**Exercise directions:** Filtering the records below, copy only those lines that include the word "backpacks".

**Given information:**

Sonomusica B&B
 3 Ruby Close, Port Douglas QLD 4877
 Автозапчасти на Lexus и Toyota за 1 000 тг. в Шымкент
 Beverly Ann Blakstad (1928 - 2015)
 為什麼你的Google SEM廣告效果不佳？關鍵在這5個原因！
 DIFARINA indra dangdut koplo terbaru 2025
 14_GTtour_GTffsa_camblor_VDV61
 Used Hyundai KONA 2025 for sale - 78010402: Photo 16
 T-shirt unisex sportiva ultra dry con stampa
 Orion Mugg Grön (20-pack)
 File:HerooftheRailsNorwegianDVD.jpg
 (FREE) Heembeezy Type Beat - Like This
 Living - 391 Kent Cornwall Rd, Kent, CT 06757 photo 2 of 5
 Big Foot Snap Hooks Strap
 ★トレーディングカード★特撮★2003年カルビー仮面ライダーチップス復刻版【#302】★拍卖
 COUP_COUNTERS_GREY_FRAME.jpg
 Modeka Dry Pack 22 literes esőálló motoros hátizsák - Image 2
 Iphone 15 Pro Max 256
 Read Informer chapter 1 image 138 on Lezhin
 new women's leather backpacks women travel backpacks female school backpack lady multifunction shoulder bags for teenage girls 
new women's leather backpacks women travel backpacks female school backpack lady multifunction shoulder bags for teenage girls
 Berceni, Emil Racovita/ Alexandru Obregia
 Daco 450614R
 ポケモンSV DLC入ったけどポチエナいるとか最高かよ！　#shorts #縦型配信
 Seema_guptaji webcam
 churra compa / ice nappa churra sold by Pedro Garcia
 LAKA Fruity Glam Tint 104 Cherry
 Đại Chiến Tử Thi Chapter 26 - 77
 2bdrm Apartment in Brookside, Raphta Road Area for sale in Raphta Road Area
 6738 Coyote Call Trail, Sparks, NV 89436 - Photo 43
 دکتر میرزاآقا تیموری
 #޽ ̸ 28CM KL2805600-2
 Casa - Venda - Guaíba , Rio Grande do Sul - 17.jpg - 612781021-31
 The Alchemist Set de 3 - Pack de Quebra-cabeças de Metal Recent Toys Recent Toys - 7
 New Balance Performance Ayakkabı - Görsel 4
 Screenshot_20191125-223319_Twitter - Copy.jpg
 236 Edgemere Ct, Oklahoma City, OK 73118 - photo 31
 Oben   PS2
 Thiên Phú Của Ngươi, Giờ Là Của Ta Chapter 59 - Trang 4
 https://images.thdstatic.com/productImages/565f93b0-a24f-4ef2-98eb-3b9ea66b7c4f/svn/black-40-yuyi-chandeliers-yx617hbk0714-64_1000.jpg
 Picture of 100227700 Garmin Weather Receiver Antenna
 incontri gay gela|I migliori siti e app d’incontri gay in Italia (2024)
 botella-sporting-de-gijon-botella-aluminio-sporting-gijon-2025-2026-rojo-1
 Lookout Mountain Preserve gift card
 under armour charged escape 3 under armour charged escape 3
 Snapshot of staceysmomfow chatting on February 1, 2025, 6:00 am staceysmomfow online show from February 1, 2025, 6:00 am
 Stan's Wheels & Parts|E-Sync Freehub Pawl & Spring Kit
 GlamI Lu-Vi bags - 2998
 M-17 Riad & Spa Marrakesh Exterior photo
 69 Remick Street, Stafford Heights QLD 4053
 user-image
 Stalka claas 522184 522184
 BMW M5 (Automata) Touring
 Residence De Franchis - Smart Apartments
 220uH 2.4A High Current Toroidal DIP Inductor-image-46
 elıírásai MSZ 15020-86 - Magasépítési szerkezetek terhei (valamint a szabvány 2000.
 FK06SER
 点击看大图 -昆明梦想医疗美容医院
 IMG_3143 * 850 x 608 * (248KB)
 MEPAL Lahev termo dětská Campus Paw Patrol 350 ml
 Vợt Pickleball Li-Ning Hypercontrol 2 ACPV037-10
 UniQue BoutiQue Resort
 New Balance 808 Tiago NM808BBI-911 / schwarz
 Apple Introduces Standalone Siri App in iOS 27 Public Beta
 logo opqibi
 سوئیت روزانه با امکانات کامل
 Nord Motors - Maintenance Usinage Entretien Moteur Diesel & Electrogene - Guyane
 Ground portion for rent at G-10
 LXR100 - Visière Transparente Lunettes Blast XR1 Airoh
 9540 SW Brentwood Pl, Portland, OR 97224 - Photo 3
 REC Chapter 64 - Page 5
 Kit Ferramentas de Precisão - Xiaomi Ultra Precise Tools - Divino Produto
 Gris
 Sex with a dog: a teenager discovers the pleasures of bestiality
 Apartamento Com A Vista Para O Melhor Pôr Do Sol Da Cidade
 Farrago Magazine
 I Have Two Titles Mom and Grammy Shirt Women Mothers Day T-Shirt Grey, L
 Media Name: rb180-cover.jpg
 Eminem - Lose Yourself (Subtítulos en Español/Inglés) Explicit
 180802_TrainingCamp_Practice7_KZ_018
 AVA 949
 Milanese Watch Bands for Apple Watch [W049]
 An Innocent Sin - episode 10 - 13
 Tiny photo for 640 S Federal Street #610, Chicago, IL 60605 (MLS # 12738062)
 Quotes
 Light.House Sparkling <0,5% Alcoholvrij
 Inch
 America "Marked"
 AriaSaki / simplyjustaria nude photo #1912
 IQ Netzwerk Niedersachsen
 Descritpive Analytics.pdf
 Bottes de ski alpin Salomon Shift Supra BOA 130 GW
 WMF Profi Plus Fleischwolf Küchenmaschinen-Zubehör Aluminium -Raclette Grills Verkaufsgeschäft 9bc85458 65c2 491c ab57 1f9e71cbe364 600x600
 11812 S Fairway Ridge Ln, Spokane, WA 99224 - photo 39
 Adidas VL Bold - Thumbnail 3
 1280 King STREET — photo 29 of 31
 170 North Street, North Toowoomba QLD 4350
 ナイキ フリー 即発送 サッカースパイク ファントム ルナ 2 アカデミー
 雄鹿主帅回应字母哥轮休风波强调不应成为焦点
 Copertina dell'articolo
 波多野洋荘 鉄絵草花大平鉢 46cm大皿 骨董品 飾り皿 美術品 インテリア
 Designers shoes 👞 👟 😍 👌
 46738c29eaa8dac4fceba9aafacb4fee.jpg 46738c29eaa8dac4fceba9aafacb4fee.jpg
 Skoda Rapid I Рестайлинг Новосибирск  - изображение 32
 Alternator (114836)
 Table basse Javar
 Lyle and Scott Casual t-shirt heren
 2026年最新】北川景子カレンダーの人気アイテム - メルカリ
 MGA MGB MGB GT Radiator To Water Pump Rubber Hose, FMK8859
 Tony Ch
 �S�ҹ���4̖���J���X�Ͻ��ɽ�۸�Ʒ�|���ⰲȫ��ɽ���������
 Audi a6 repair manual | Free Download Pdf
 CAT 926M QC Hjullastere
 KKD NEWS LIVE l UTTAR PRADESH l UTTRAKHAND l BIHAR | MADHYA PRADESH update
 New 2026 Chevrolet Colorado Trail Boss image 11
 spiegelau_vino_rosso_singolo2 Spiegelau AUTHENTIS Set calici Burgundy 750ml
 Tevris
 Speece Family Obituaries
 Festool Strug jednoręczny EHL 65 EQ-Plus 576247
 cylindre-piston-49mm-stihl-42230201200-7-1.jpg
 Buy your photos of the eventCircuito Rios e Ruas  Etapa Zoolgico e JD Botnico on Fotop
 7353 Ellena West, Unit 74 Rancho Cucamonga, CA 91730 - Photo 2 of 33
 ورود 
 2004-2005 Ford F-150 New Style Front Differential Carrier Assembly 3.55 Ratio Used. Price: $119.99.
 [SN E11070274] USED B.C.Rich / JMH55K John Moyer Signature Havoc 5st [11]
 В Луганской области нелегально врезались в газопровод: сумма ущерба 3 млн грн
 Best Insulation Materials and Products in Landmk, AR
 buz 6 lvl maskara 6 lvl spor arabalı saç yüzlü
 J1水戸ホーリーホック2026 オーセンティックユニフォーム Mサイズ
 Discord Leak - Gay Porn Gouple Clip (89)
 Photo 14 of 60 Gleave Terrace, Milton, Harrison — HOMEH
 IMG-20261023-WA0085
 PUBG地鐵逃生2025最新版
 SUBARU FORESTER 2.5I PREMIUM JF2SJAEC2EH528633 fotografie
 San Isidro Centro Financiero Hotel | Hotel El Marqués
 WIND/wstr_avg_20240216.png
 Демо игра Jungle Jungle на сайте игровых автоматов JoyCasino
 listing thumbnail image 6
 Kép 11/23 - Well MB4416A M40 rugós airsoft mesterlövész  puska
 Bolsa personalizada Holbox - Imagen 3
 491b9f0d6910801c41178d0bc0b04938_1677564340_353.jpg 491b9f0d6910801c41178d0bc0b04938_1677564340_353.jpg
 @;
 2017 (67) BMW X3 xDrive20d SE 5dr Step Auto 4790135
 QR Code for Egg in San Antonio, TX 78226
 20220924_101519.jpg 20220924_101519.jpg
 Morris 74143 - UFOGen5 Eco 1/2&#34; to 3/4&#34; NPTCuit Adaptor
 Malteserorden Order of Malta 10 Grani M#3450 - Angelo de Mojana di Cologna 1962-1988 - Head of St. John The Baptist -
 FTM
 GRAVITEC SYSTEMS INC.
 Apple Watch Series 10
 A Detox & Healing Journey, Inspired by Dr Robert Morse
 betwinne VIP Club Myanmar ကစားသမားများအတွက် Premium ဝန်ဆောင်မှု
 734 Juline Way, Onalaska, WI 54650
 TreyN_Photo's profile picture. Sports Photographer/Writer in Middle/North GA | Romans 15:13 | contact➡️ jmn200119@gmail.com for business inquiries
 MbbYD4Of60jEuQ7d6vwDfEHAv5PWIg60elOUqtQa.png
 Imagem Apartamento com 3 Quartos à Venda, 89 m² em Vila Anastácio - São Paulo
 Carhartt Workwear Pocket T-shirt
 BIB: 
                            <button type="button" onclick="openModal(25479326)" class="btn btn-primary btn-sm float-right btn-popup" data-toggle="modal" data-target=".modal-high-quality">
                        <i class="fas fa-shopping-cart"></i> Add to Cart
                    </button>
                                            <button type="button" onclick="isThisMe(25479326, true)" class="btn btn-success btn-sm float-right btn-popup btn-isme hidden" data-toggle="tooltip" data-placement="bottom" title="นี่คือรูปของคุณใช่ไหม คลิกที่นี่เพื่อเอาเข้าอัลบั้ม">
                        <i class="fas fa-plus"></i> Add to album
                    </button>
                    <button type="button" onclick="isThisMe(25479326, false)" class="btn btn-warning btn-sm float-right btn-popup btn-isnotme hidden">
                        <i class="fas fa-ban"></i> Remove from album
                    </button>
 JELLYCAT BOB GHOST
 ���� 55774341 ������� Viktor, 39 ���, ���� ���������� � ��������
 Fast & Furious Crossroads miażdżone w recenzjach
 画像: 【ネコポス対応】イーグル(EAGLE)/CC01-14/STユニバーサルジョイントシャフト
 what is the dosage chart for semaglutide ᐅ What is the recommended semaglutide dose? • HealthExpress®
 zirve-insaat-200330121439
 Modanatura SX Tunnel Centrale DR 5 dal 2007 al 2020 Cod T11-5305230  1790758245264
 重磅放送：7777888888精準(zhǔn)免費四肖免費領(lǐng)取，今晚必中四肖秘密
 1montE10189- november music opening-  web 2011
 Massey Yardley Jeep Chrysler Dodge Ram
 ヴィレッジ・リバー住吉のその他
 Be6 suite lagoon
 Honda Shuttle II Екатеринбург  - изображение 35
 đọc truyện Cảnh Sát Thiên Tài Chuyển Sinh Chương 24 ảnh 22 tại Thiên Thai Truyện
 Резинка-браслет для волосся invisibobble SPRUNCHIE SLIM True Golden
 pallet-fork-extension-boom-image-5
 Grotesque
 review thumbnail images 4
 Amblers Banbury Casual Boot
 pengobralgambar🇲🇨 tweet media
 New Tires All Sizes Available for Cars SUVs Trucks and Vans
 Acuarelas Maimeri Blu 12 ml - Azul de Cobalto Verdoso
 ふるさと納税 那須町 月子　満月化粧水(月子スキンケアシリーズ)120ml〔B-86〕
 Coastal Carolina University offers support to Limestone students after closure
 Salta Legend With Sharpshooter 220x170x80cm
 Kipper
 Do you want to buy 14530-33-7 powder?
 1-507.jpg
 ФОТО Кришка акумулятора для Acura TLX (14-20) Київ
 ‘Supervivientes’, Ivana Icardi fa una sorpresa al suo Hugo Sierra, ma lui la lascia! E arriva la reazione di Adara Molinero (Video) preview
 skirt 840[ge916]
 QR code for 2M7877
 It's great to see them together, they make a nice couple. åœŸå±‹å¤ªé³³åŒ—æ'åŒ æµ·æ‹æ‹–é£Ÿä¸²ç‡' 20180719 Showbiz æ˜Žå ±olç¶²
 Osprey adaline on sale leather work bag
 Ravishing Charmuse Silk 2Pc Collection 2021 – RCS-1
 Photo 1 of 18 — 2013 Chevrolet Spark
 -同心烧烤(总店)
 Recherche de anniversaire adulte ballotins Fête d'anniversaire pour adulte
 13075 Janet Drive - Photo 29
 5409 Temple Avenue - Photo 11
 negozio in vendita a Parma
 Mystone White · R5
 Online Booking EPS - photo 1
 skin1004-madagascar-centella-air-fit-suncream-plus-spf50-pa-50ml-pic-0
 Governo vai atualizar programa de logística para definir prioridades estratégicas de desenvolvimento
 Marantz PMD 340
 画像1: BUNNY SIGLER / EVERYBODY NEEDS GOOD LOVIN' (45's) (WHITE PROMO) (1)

**Exercise response:**
 new women's leather backpacks women travel backpacks female school backpack lady multifunction shoulder bags for teenage girls 
new women's leather backpacks women travel backpacks female school backpack lady multifunction shoulder bags for teenage girls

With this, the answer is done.